### [WHAT TO WORK ON]
Please repeat the records word for word and skip the pictures.

- - - -

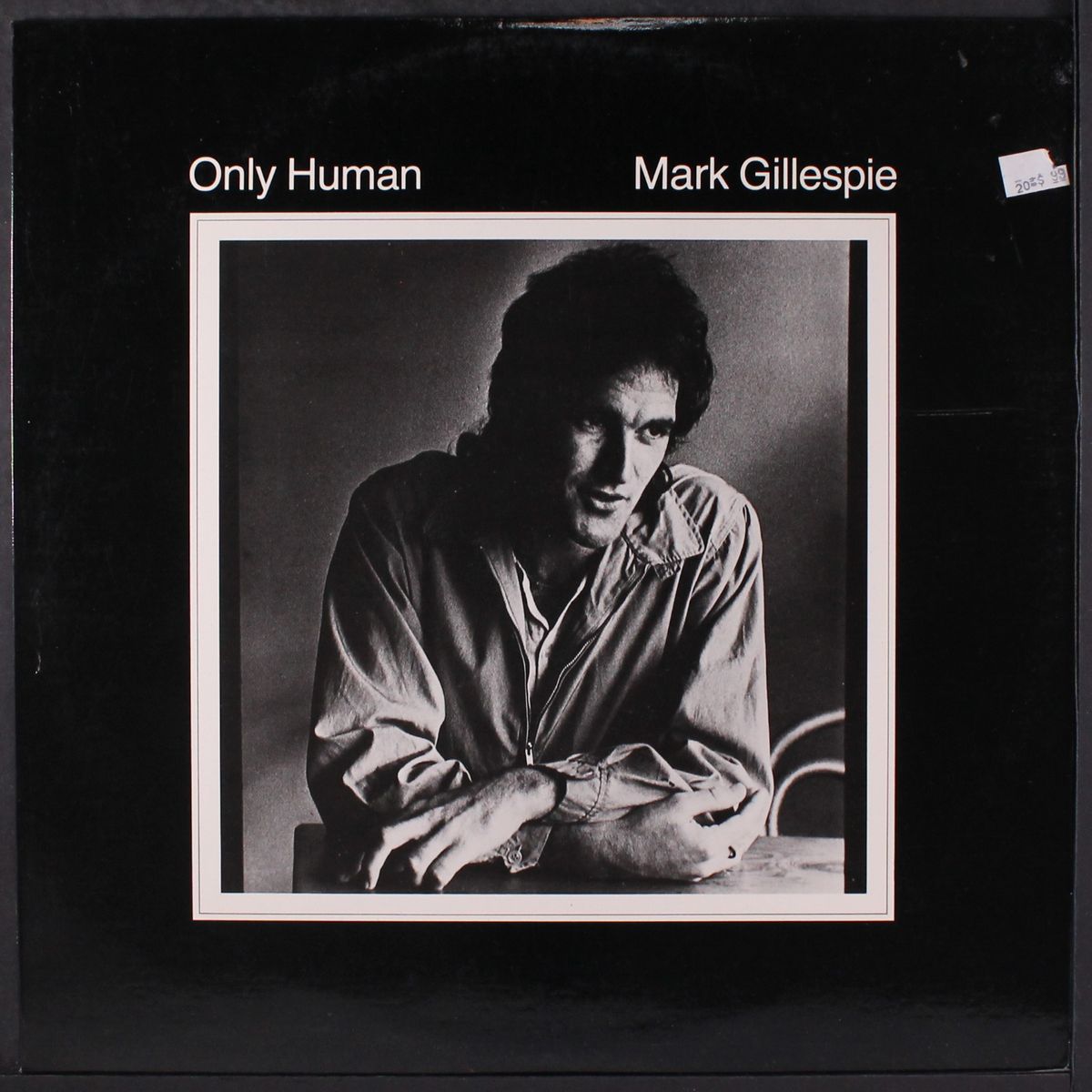 only human by MARK GILLESPIE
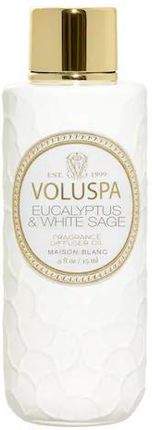 VOLUSPA - Maison Blanc Eucalyptus &White Sage Diffuser Oil - Dyfuzor Olej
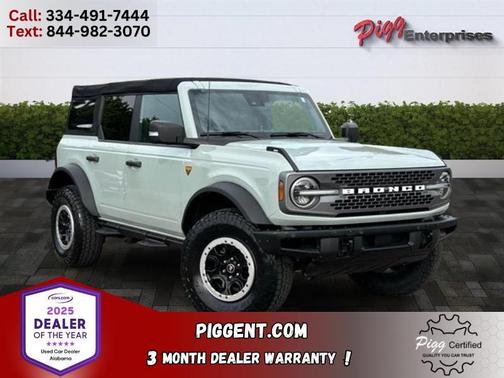 2022 Ford Bronco Badlands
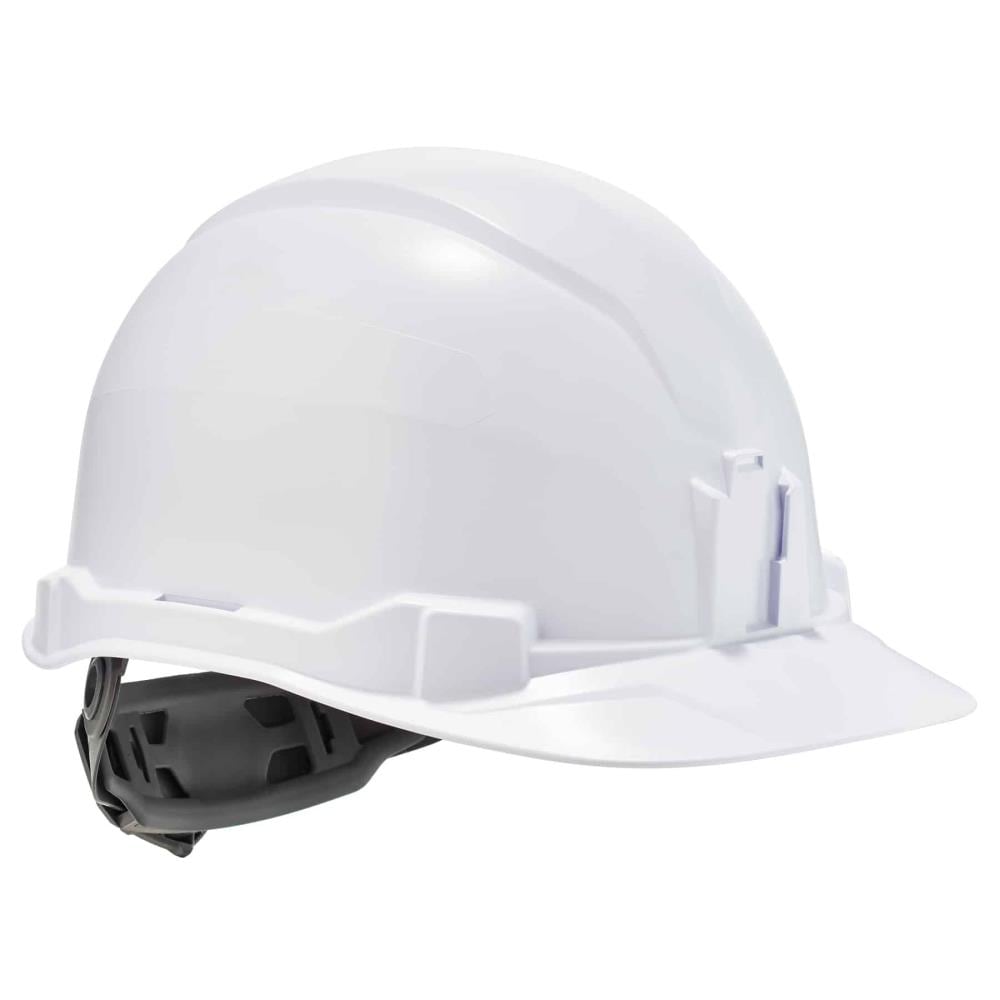 Skullerz - 60140 - Quick Adjusting Ratchet White Hard Hat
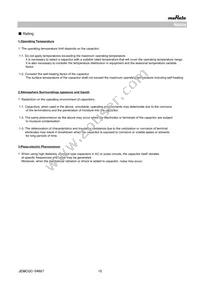 GCG31CR71E475JA01L Datasheet Page 15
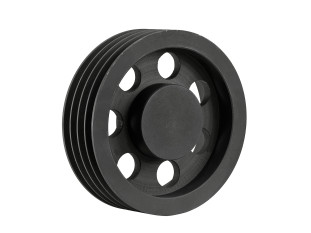 Bearing pulley profile SPA pre-drilled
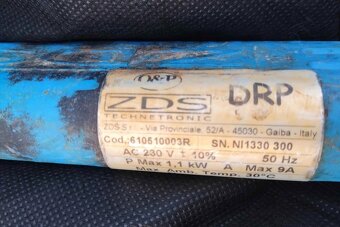 Prodám ponorné čerpadlo značky ZDS model: 02.0 - 7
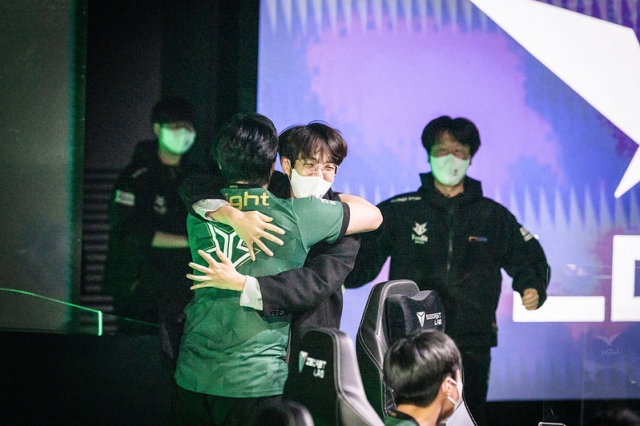 LCK 제공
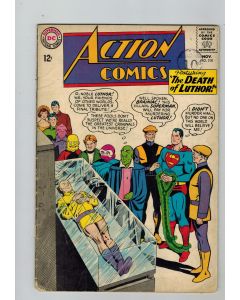 Action Comics (1938) # 318 (4.0-VG) (686260) Lex Luthor, Supergirl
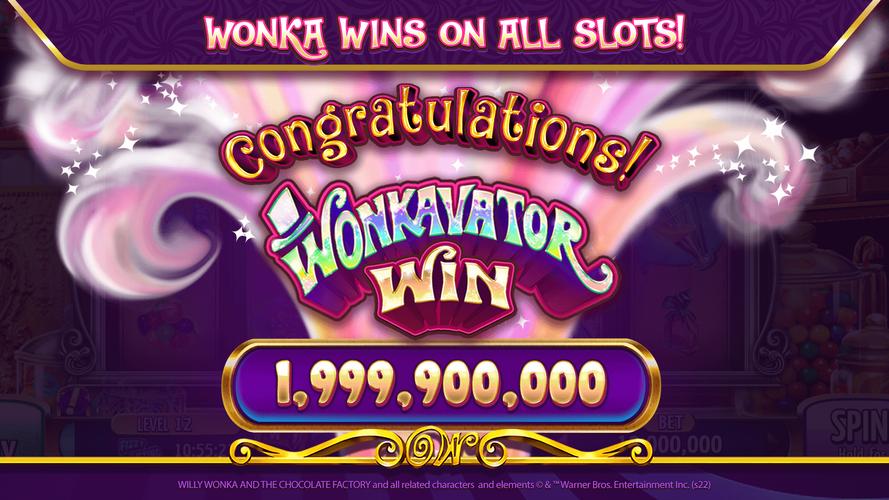 Willy Wonka Vegas Casino Slots应用截图第0张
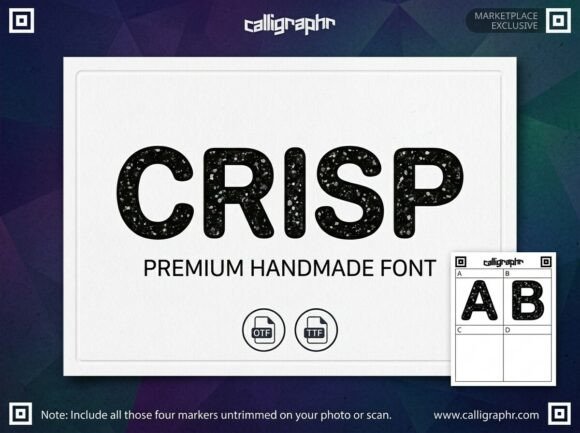 Crisp: A Premium Display Font for Artisanal Branding
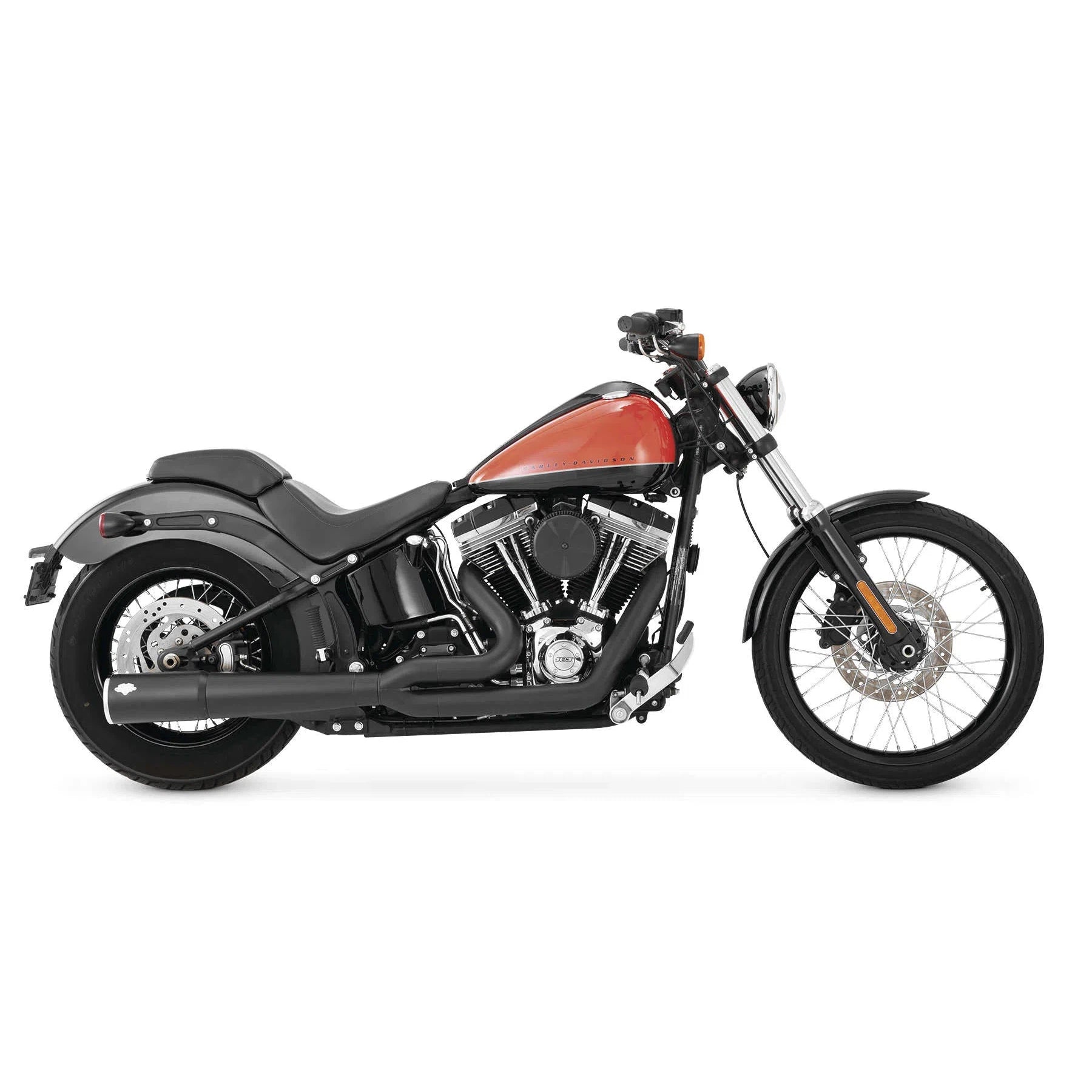 Vance & Hines 47527 Pro Pipe Black Exhaust System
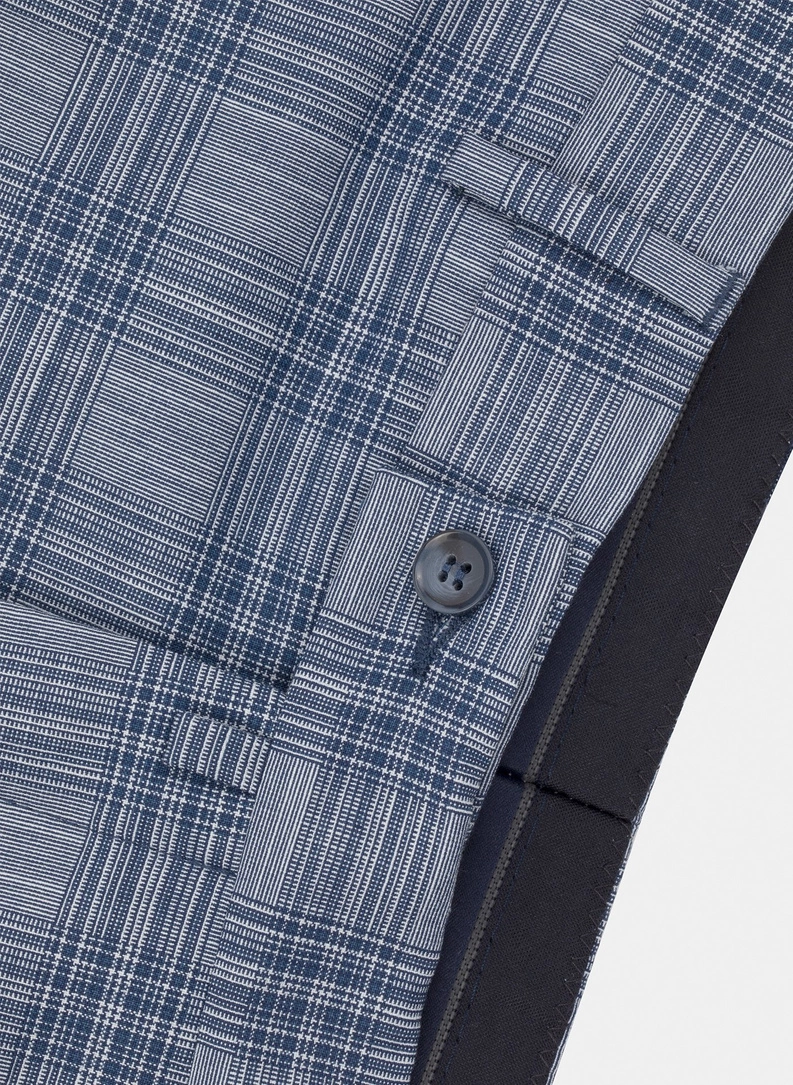 Spodnie garniturowe P21SN-6G-043-N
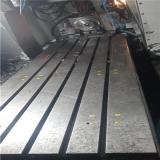 فرز cnc چهارمحور همزمان X=2000 در دقت 0/01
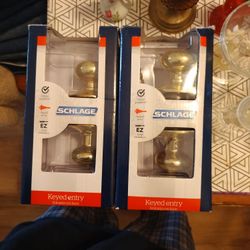 Schlage Lock Set 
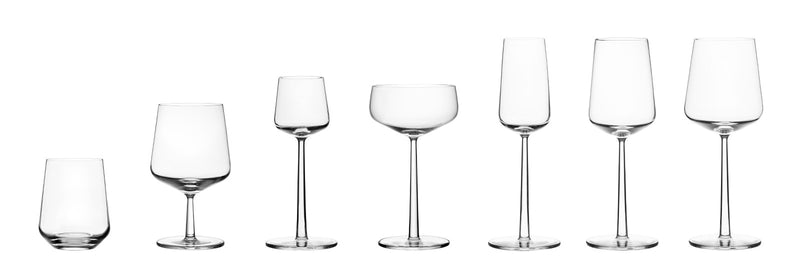 media image for Essence Sets of Glassware in Various Sizes design by Alfredo Häberli for Iittala 231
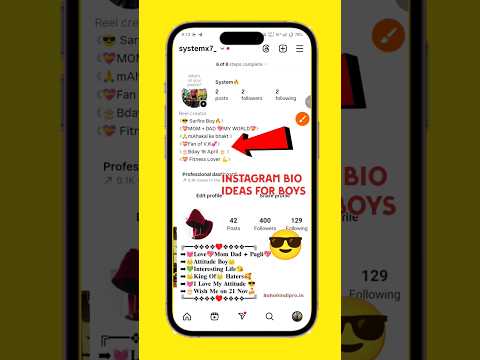 instagram bio ideas instagram long bio 3d girl boys instagram bio kaise likhe instagram stylish bio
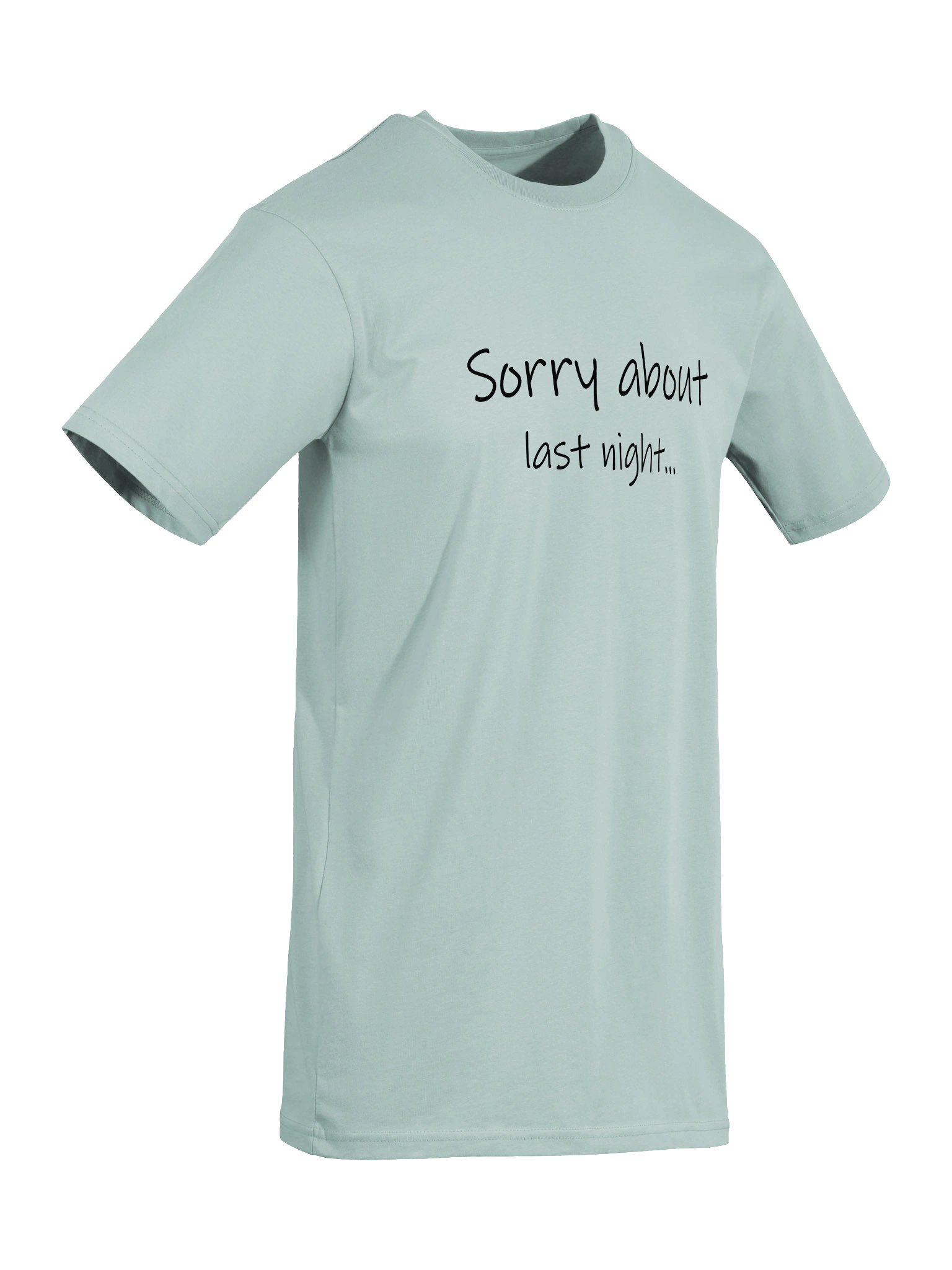 Sorry About Last Night Men's Heavyweight Tee product image (14)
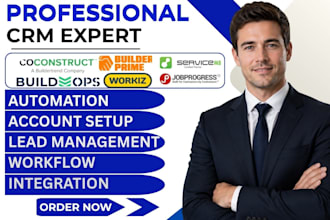 setup coconstruct buildops servicem8 workiz builder prime pipeline jobprogress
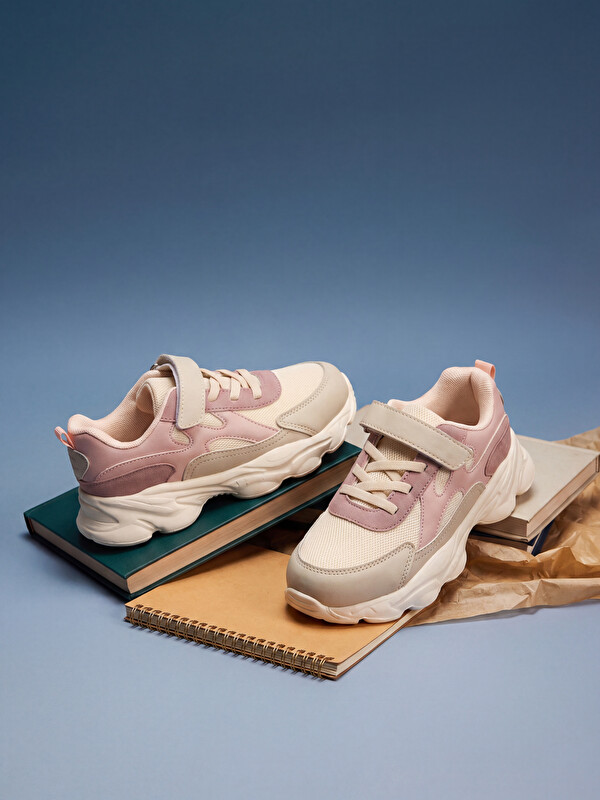 LCW STEPS Mesh Girls' Sneaker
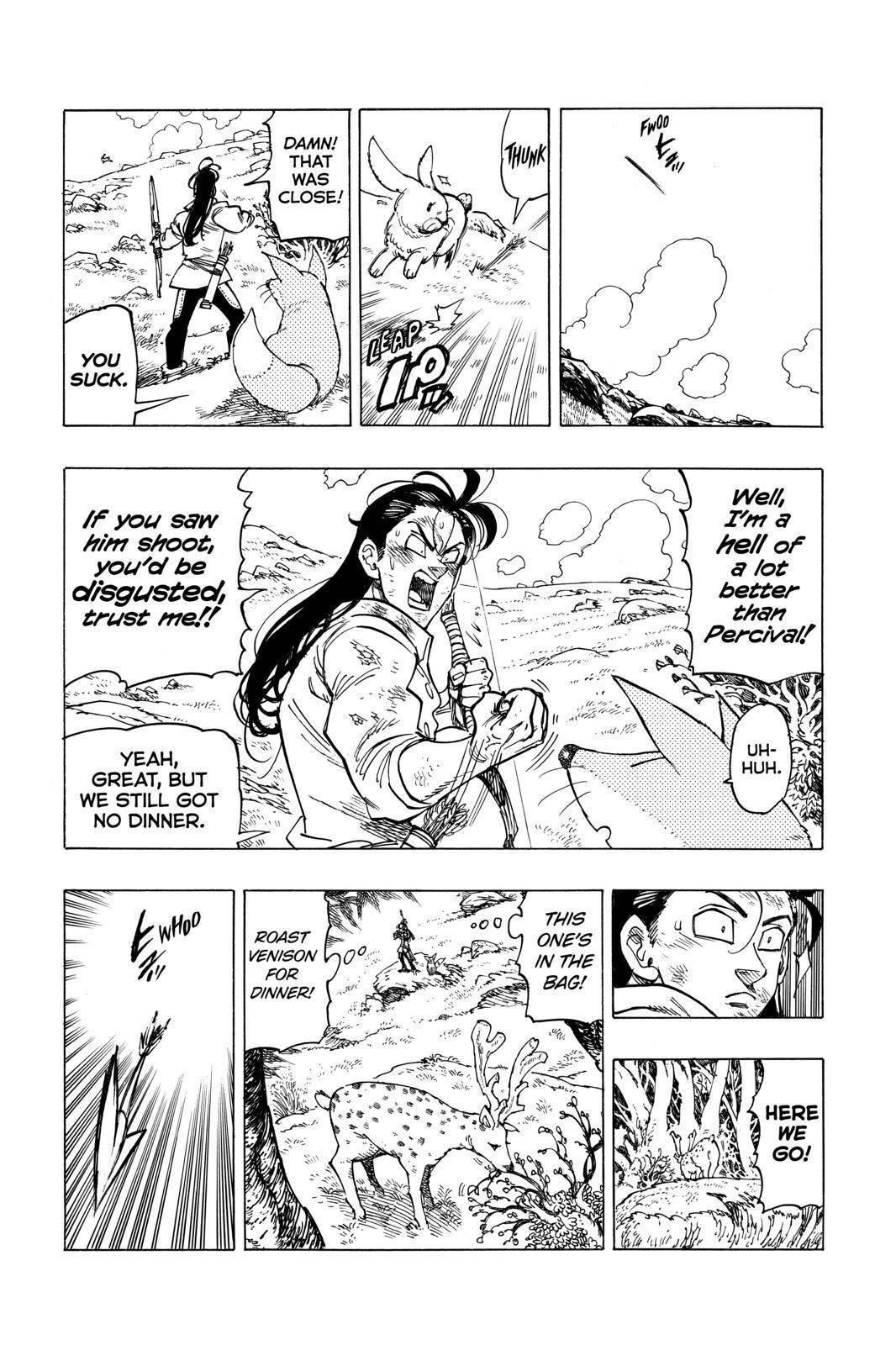 Mokushiroku no Yonkishi Chapter 7 - Page 6 in English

- - - -

### [SOLUTION TO THE PROBLEM]
 only human by MARK GILLESPIE
 VOLUSPA - Maison Blanc Eucalyptus &White Sage Diffuser Oil - Dyfuzor Olej
 2022 Ford Bronco Badlands
 Skullerz - 60140 - Quick Adjusting Ratchet White Hard Hat
 GCG31CR71E475JA01L Datasheet Page 15
 Bearing pulley profile SPA pre-drilled
 Prodám ponorné čerpadlo značky ZDS model: 02.0 - 7
 LCK 제공
 Action Comics (1938) # 318 (4.0-VG) (686260) Lex Luthor, Supergirl
 Willy Wonka Vegas Casino Slots应用截图第0张
 Crisp: A Premium Display Font for Artisanal Branding
 Vance & Hines 47527 Pro Pipe Black Exhaust System
 Spodnie garniturowe P21SN-6G-043-N
 فرز cnc چهارمحور همزمان X=2000 در دقت 0/01
 Schlage Lock Set 
 media image for Essence Sets of Glassware in Various Sizes design by Alfredo Häberli for Iittala 231
 instagram bio ideas instagram long bio 3d girl boys instagram bio kaise likhe instagram stylish bio
 Sorry About Last Night Men's Heavyweight Tee product image (14)
 setup coconstruct buildops servicem8 workiz builder prime pipeline jobprogress
 LCW STEPS Mesh Girls' Sneaker
 Mokushiroku no Yonkishi Chapter 7 - Page 6 in English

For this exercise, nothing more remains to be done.